__YOUR OBJECTIVE__: Beginning with the line of the entries below that holds "Cover for Janie" and ending with the line that holds "Lesson Overview Meeting", transcribe each line exactly as written. Pictures stay out.
++++ GIVEN RECORDS ++++
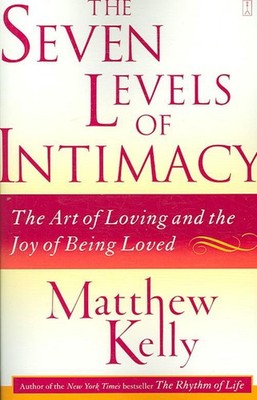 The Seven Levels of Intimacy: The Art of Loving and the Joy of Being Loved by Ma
++++
++++ GIVEN RECORDS ++++
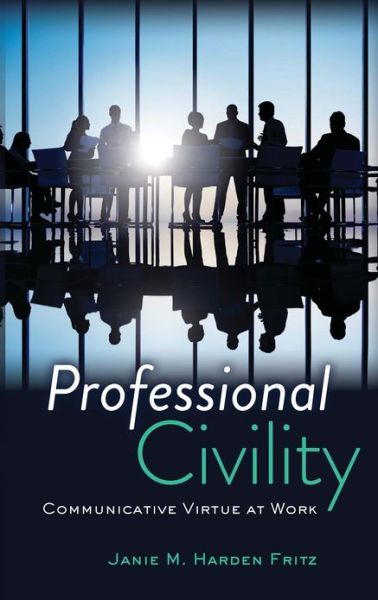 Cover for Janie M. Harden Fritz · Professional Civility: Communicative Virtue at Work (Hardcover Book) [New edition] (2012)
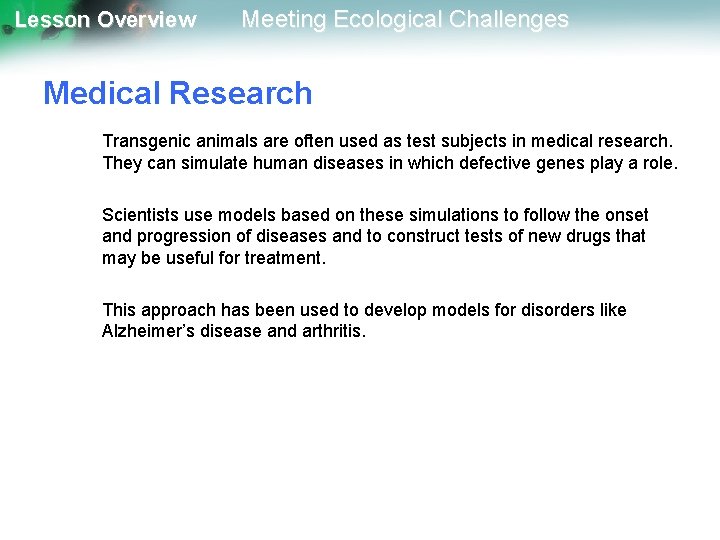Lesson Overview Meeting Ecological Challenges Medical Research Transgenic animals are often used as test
++++
__EXPECTED ANSWER__:
 Cover for Janie M. Harden Fritz · Professional Civility: Communicative Virtue at Work (Hardcover Book) [New edition] (2012)
Lesson Overview Meeting Ecological Challenges Medical Research Transgenic animals are often used as test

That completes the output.